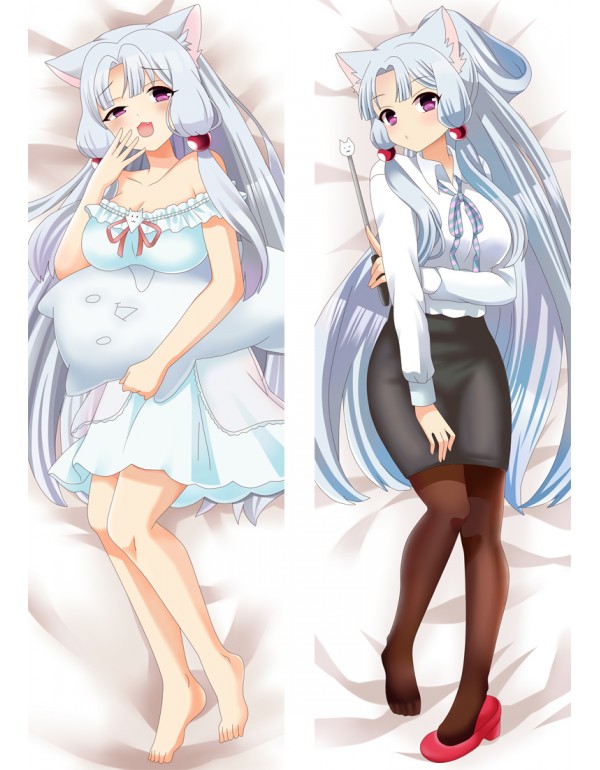 Vocaloid Tohoku Itako Anime Kissen Dakimakura Love...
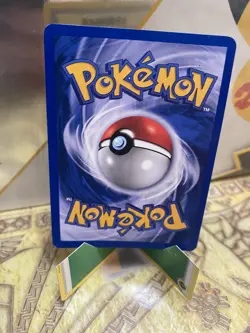 Here Comes Team Rocket-Unlimited Edition Regular Pokemon Card TCG WOTC - Image 2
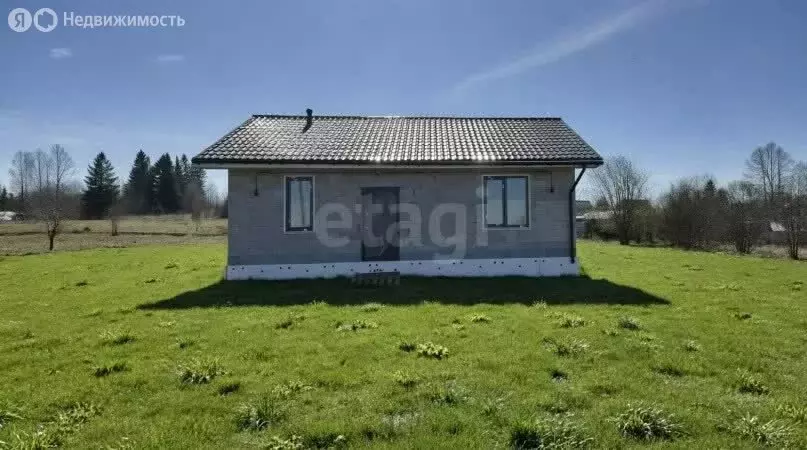 Дом в посёлок Мулянка, Юбилейная улица (75 м) - Фото 1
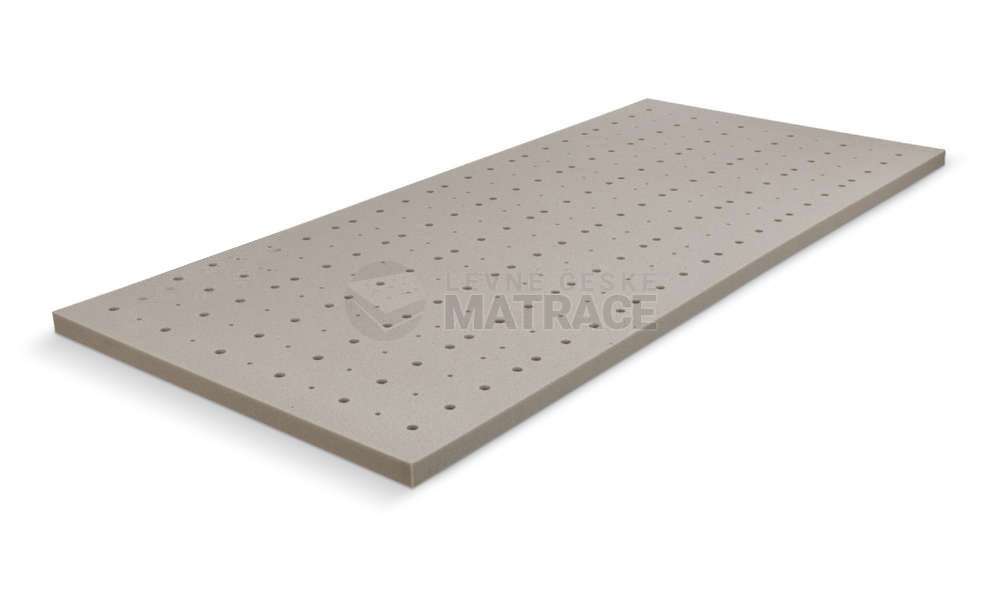 Krycí matrace Řešeto Blue Topper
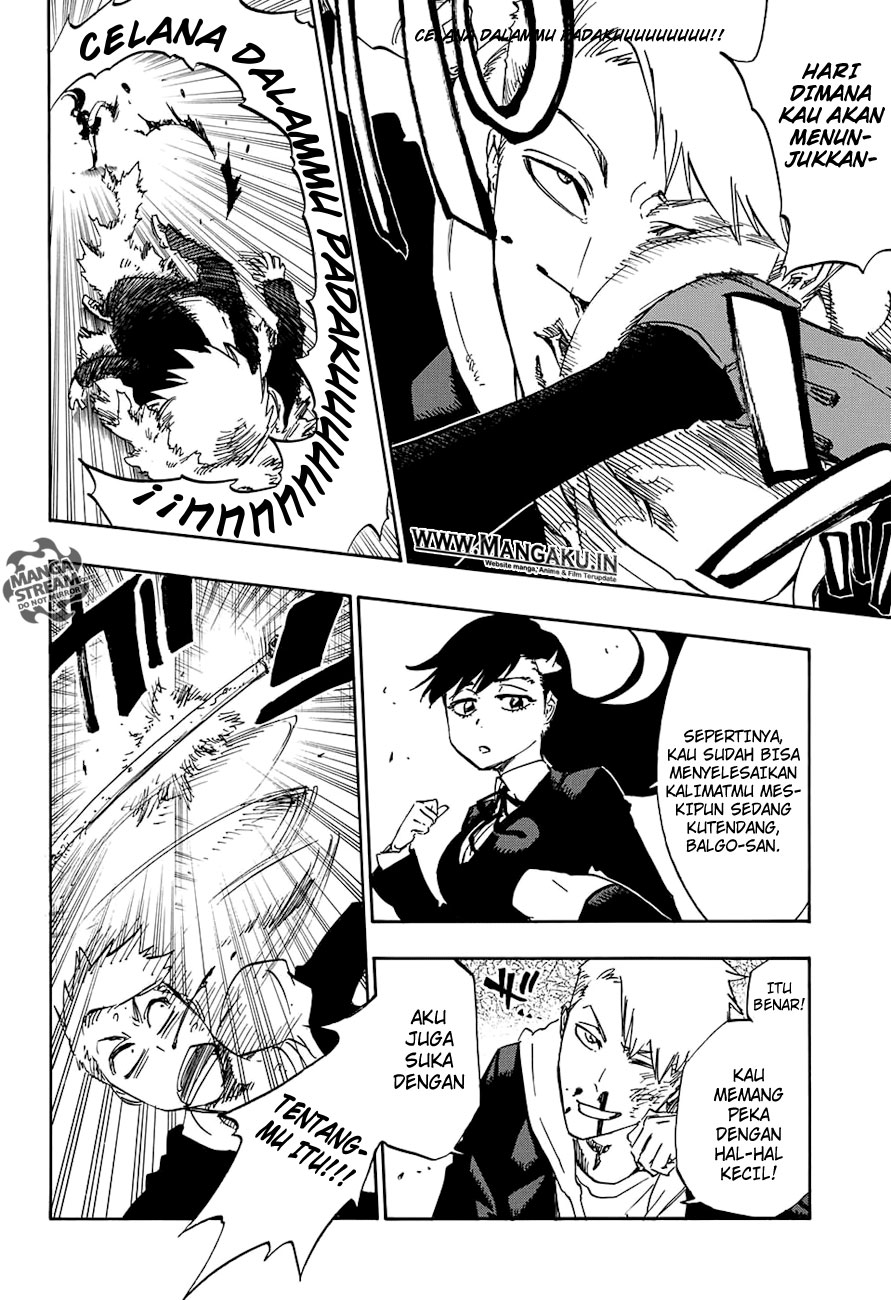 Burn the Witch Chapter 0 - halaman 6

· · · · · · ·

▶ [Work to complete]: Leave the pictures out and set down the rest of the listing above exactly.

▶ [Final answer]:
 Vocaloid Tohoku Itako Anime Kissen Dakimakura Love...
 Here Comes Team Rocket-Unlimited Edition Regular Pokemon Card TCG WOTC - Image 2
 Дом в посёлок Мулянка, Юбилейная улица (75 м) - Фото 1
 Krycí matrace Řešeto Blue Topper
 Burn the Witch Chapter 0 - halaman 6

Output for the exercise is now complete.